Tuesday, November 18, 2008

A Model of Your Inbox

I've been thinking a lot about how users view and manage their inbox. This post is about the model I came up with. I'm basing this on my own experience and on having talked to dozens of people about their email habits. But since this blog also is read by lots of email enthusiasts, I'd love to hear your feedback: Does this make sense? What am I missing?

Four Quadrants

Every single email message youreceive can be classified into one of the four quadrants below. Important emails are the ones you need to take action on. Urgent emails are time-sensitive. Urgency does not necessarily imply importance: Your coworker's cake will be gone in a few minutes, but it's not necessary to take action on that, especially if you're on a diet.


The key insight here is that the stuff you care about are the emails on the left. These are the emails that make it worth checking your Crackberry every few minutes. They emails that keep you awake at night.

Filtering the Important

How can you filter out what's important? My theory is that for humans, that's actually the easy part: You often easily determine importance by just looking at the sender of the message. Roughly, senders fall into three categories:
  1. Crap: these are easy to remove: iTunes Receipts, Amazon notifications, LinkedIn emails, frequent flier statements, and the like. Not important.

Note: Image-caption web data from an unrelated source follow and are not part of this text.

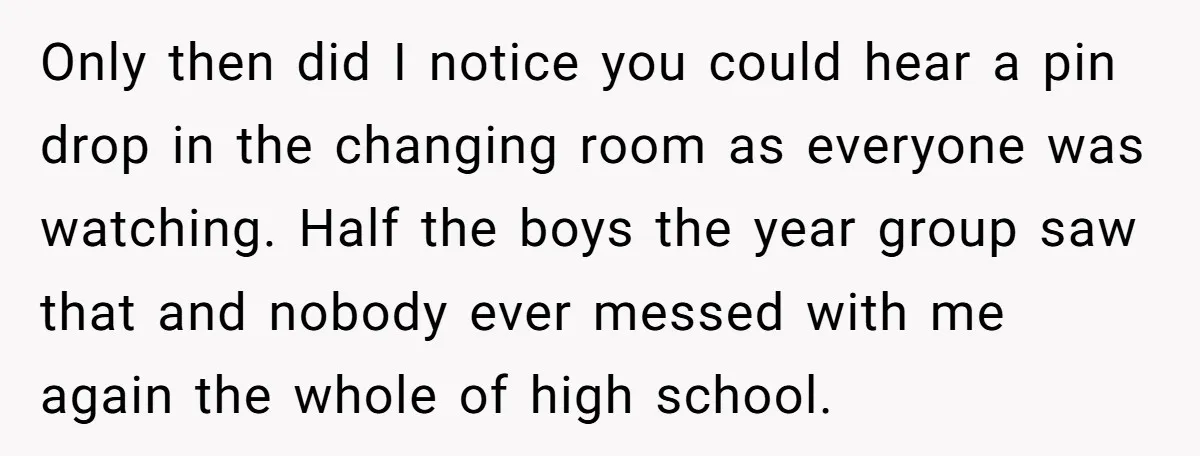 Only then did I notice you could hear a pin drop in the changing room as everyone was watching. Half the boys the year group saw that and nobody ever...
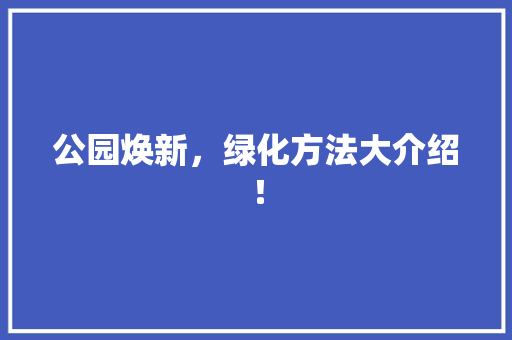公园焕新，绿化方法大介绍！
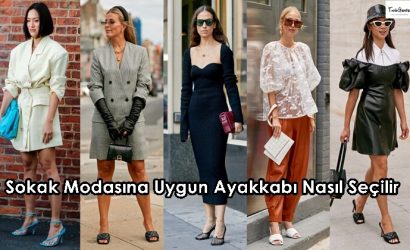 Sokak Modasına Uygun Ayakkabı Nasıl Seçilir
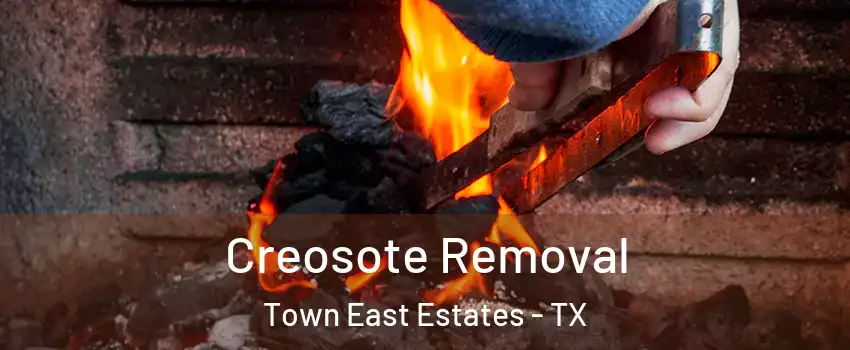 Creosote Removal Town East Estates - TX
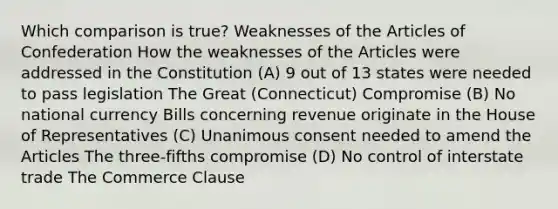 Which comparison is true? Weaknesses of the Articles of Confederation How the weaknesses of the Articles were addressed in the Constitution (A) 9 out of 13 states were needed to pass legislation The Great (Connecticut) Compromise (B) No national currency Bills concerning revenue originate in the House of Representatives (C) Unanimous consent needed to amend the Articles The three-fifths compromise (D) No control of interstate trade The Commerce Clause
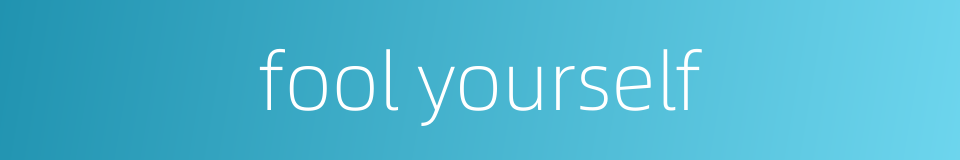 fool yourself的同义词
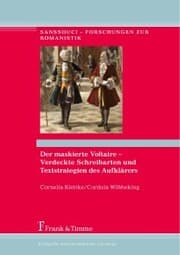 Cover von Der maskierte Voltaire - Verdeckte Schreibarten und Textstrategien des Aufklärers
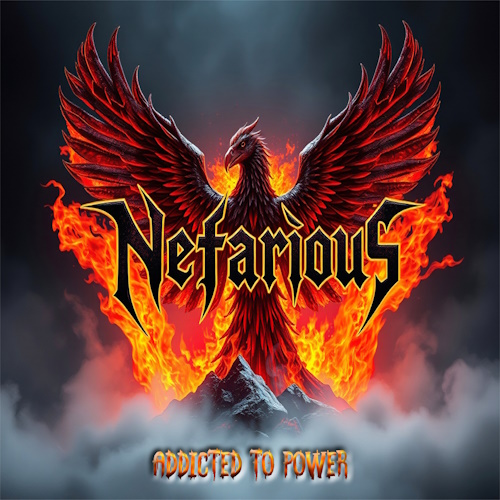 Nefarious - Addicted to Power (2025) [WEB Release, 24bit/48kHz] FLAC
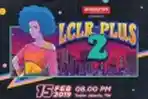 Konser LCLR Plus 2 Digelar di TIM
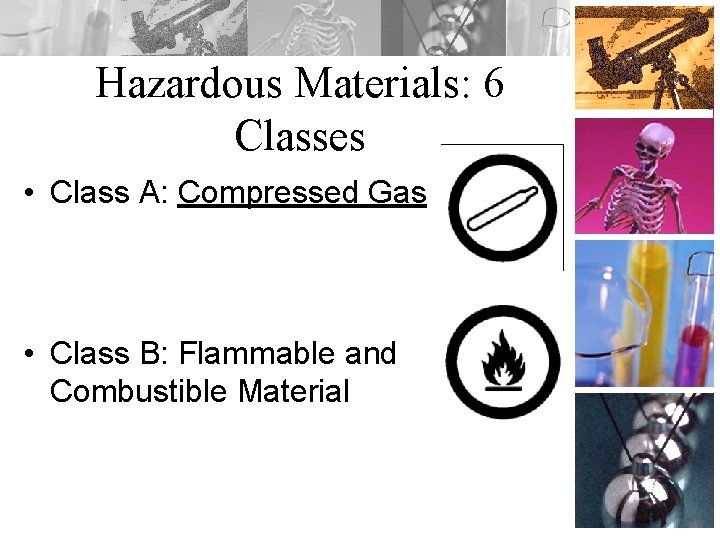 Hazardous Materials: 6 Classes • Class A: Compressed Gas • Class B: Flammable and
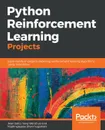 Python Reinforcement Learning Projects - Sean Saito, Yang Wenzhuo, Rajalingappaa Shanmugamani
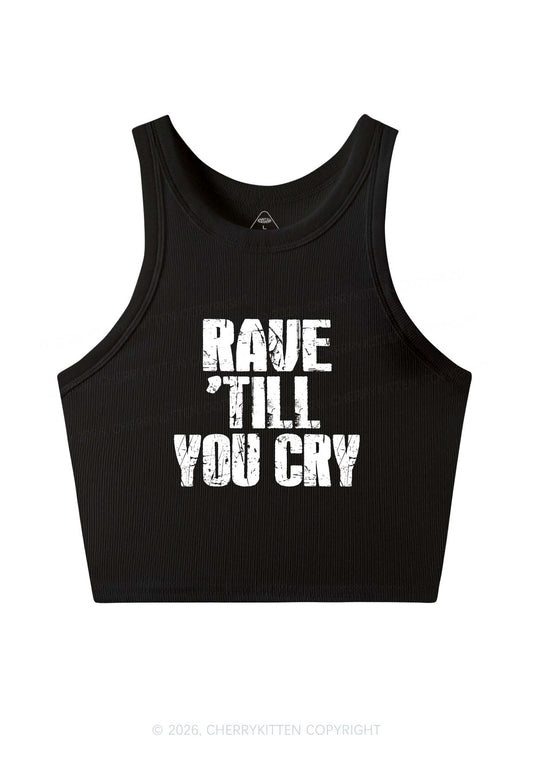 Rave Till You Cry Y2K Crop Tank Top Cherrykitten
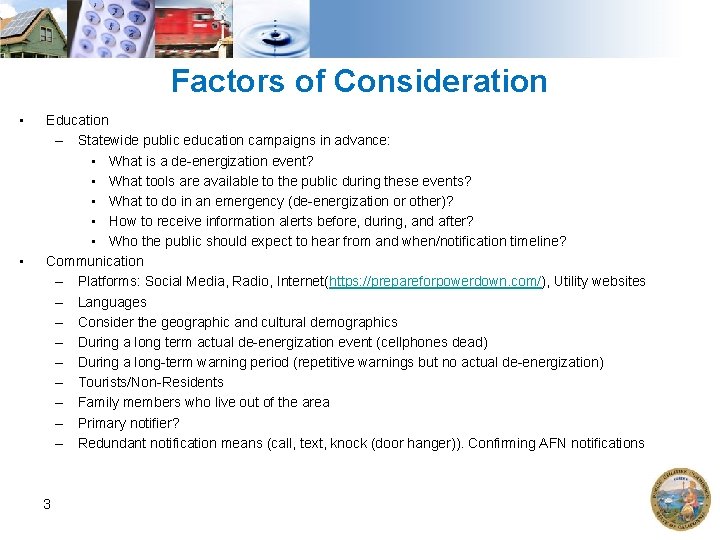 Factors of Consideration • • Education – Statewide public education campaigns in advance: •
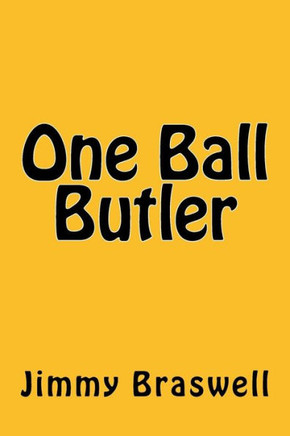 One Ball Butler
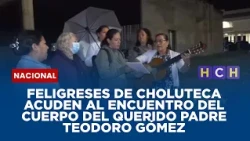 Feligreses de Choluteca acuden al encuentro del cuerpo del querido padre Teodoro Gómez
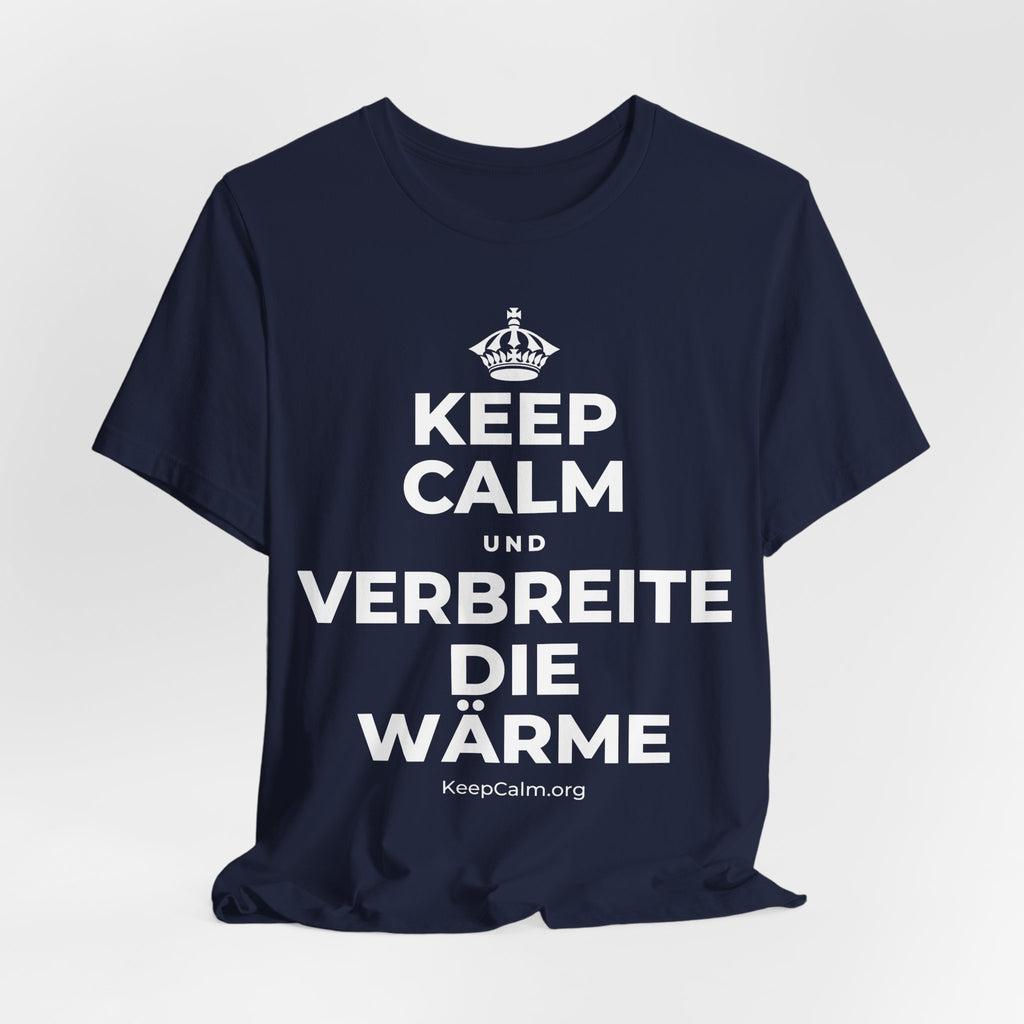 KEEP CALM UND VERBREITE DIE WÄRME T-Shirt (White–Asphalt)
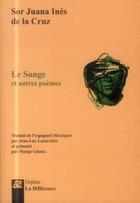Couverture du livre « Le songe ; et autres poèmes » de Sor Juana Ines De La Cruz aux éditions La Difference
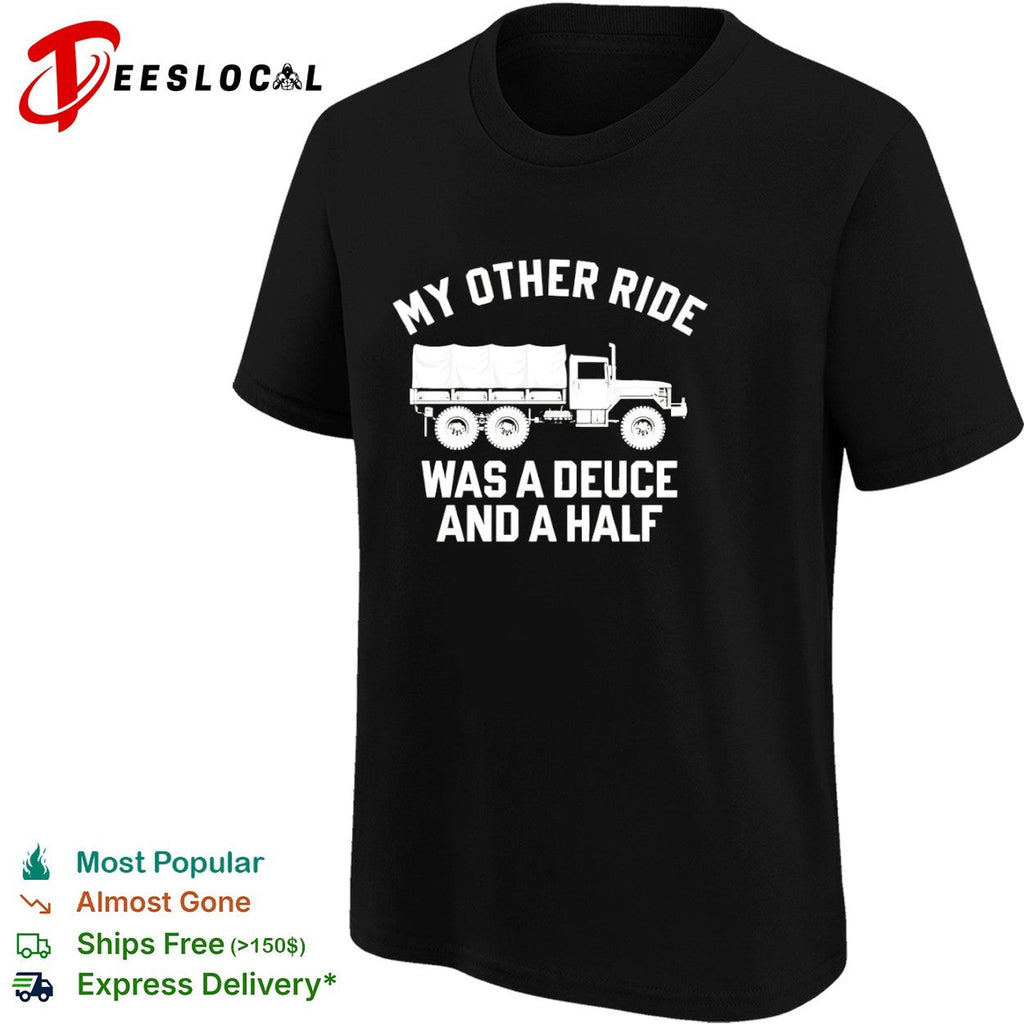 My other ride was a deuce and a half shirt Unisex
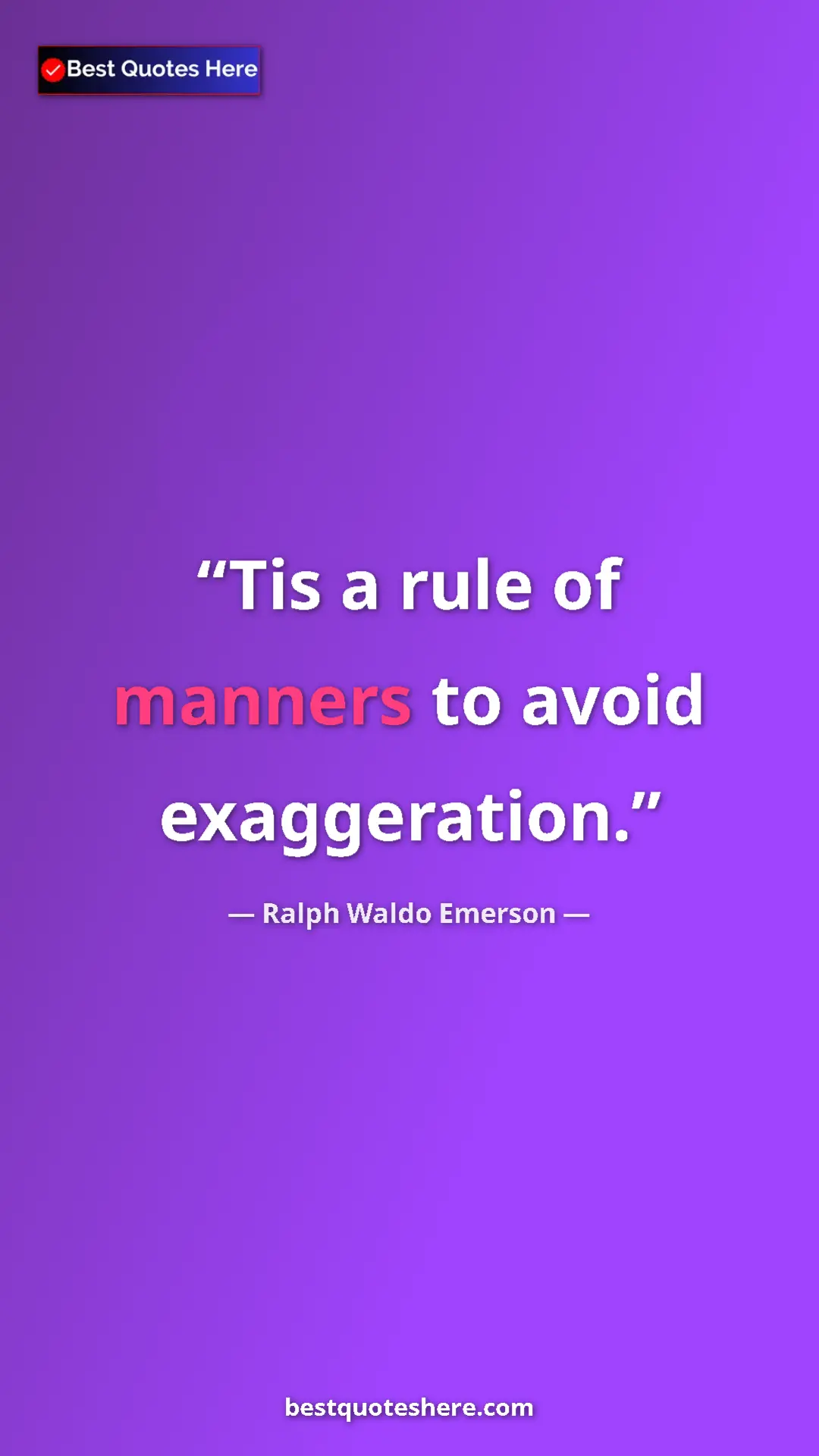 Ralph Waldo Emerson Quote Card: "Tis a rule of manners to avoid exaggeration." Pinterest quote poster by Ralph Waldo Emerson: "Tis a rule of manners to avoid exaggeration."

  2. VIPs: You know who they are! Major customers, your manager, and your girlfriend belong in this category. Important.

  3. People you know: These are the non-VIPs that you still want to deal with. I like to think of this category as the intersection of your Facebook and LinkedIn connections. Mostly Important.

  4. Everyone else: Recruiters and salespeople, senders you don't recognize. Mostly not important.

Research indicates that people use senders as their main importance indicator [1, 2]. The task of filtering out important email is easy, and you could probably train a classifier to very high degrees of accuracy.

Managing Later vs. Now

I believe that this is the heart of email overload. Remember how I said that the left side is what matters. I like to label the two subcategories as "Later" and "Now" [3].


The workflow should be that you decide whether you want to deal with an email now or later. You respond to the "now" emails and they disappear into the archive. The "later" emails haunt you until you're done with them.

This is the point where today's email clients fail. Users try various mechanisms to manage now/later and to do/done: Keeping emails unread, starring them in Gmail, and filing away stuff that is done into an intricate foldering system. The number of email management strategies that users come up with impressive [4].

But none of this works. Emails that are unread and starred disappear from your main view. Out of view, out of mind. Poof. There is no pressure to act upon them. In contrast, filing away emails that are done requires an amount of discipline that few users have. I think that the inability of managing now/later and to do/done is one of the main reasons for email overload.

Wrapping Up

Let's review. I've outlined three theories here:
  1. Your incoming all fall into one of the four quadrants of urgency and importance. What really matters is the important stuff, which breaks into "Later" vs. "Now".

  2. It's easy to filter important vs. not important.

  3. It's hard to manage Later vs. Now because the current tools are broken.


I'd love to hear your views on my theories. Drop me a line or leave a comment.

References


[1] Gina Danielle Venolia, Laura Dabbish, JJ Cadiz, and Anoop Gupta. Supporting email workflow. Technical report, Microsoft Research - Collaboration and Multimedia Group, September 2001.

[2] Olle Baelter and Candace Sidner. Bifrost inbox organizer: giving users control over the inbox. In NordiCHI '02: Proceedings of the second Nordic Conference on Human-computer interaction, pages 111-118, Aarhus, Denmark, 2002.

[3] The "Getting Things Done" school of thought has a more intricate system than this, but I think that Later / Now is the essence of it.

[4] Steve Whittaker and Candace Sidner. Email overload: exploring personal information management of email. In CHI '96: Proceedings of the SIGCHI Conference on Human Factors in Computing Systems, pages 276-283, Vancouver, British Columbia, Canada, 1996.